For years, Jon Scheyer watched from the sidelines as Mike Krzyzewski led Duke against the premier teams in college basketball.
But Scheyer has left his mark on Duke’s program in his second season as head coach. With the recent signing of five-star prospect Cooper Flagg, a potential No. 1 pick in the 2025 NBA Draft, the 36-year-old head coach showed he can put Duke in a position to continue competing for more national titles. This is significant. With an icon like Krzyzewski associated with the program, there were concerns that Scheyer would not be able to escape that shadow.
Now it’s starting to look like Scheyer’s program. He has embraced the Name, Image and Likeness (NIL) era. He is willing to acquire players from the transfer portal if they can help him win. And he has embraced the praise and doubts he has encountered since taking over from one of the greatest coaches in college basketball history.
A win over Michigan State and Tom Izzo in the Champions Classic on Tuesday (7 p.m. ET, ESPN) would cement this new era at Duke.
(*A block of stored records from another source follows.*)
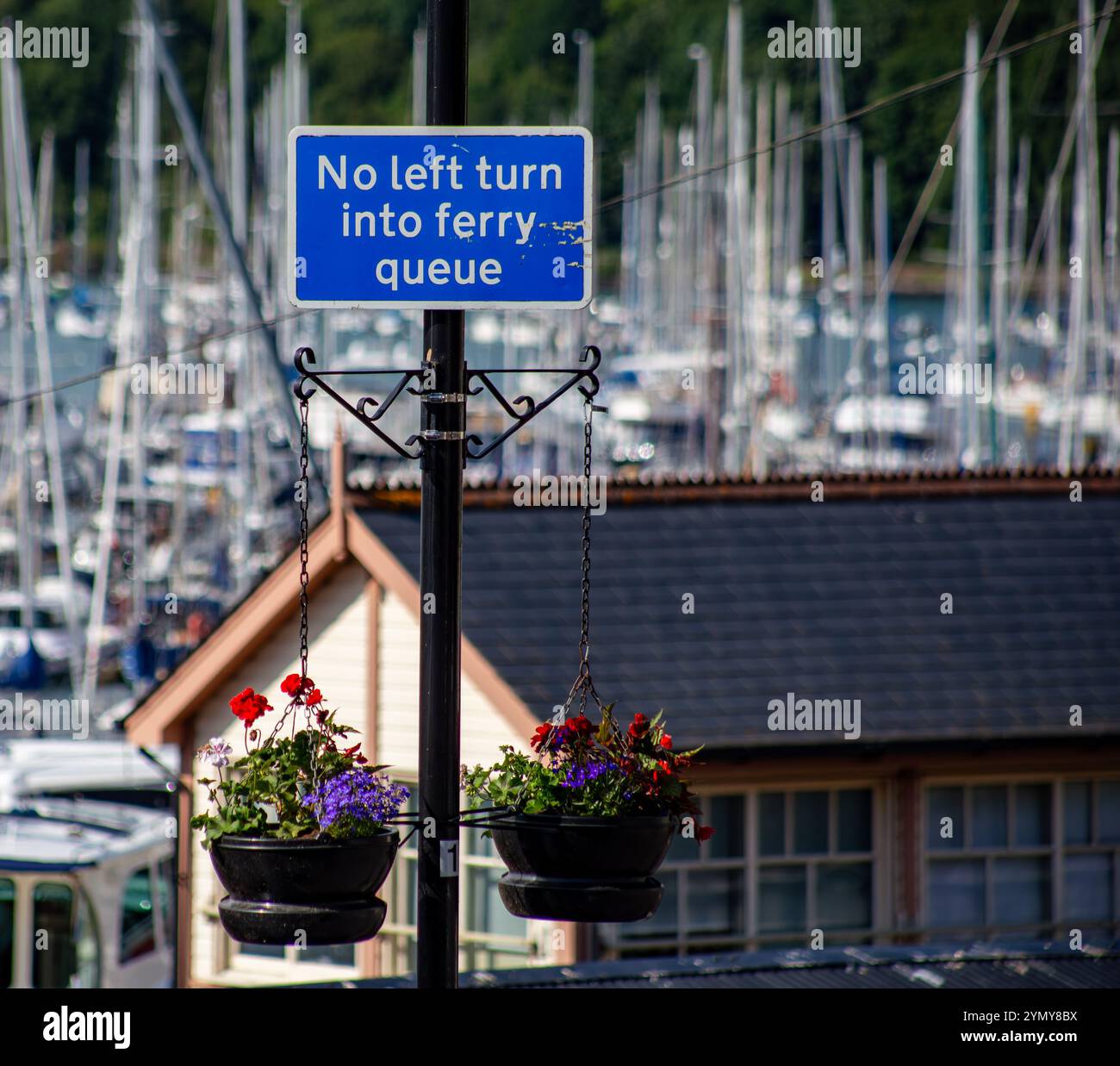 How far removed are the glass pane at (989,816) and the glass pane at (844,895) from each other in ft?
2.65

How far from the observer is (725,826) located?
12039mm

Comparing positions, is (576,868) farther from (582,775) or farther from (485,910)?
(485,910)

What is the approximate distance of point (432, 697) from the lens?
14.8ft

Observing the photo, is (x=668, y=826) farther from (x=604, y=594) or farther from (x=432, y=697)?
(x=604, y=594)

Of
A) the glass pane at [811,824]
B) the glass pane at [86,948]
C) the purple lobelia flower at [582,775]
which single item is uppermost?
the purple lobelia flower at [582,775]

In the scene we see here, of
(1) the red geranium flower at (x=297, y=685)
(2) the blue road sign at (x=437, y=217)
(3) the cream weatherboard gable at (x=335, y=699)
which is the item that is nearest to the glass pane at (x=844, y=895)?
(3) the cream weatherboard gable at (x=335, y=699)

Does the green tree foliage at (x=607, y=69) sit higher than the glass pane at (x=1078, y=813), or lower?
higher

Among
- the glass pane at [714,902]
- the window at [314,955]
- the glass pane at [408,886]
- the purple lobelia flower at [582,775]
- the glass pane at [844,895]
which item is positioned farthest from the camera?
the window at [314,955]

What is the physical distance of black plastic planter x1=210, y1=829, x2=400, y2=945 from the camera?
449cm

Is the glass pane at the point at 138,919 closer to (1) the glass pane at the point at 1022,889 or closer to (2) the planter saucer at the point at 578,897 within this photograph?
(1) the glass pane at the point at 1022,889

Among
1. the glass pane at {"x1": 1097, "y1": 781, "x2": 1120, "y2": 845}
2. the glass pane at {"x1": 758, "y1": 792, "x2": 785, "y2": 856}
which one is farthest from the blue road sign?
the glass pane at {"x1": 1097, "y1": 781, "x2": 1120, "y2": 845}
Scheyer is the youngest coach in the field that also includes Bill Self of Kansas and John Calipari of Kentucky, whose teams will face off in the nightcap (9:30 p.m. ET, ESPN). But Scheyer has shown the confidence that he too can keep up with the best trainers in the industry.
As we prepare for a matchup between four of the sport’s most prominent programs, here’s why each of these coaches and their teams will – and won’t – win tonight.
7 p.m. ET, ESPN
Odds courtesy of ESPN BET: Duke (-2.5)
Kyle Filipowski scores 25 points in Duke’s season opener
Kyle Filipowski scores 25 points to help lead Duke to a 92-54 win over Dartmouth on Monday night.
Here’s how the Blue Devils will win: With an efficient shot from the backcourt. Kyle Filipowski is a Wooden Award contender and future NBA player. We already know what he’ll bring: He had 25 points, 8 rebounds and 1 block in Friday’s 78-73 home loss to Arizona. However, in the same game, Jeremy Roach, Jared McCain and Tyrese Proctor combined for 34 points on 12-for-31 shooting (5-for-14 from the 3-point line). The trio will have to be better overall to beat a team like Michigan State in the Champions Classic.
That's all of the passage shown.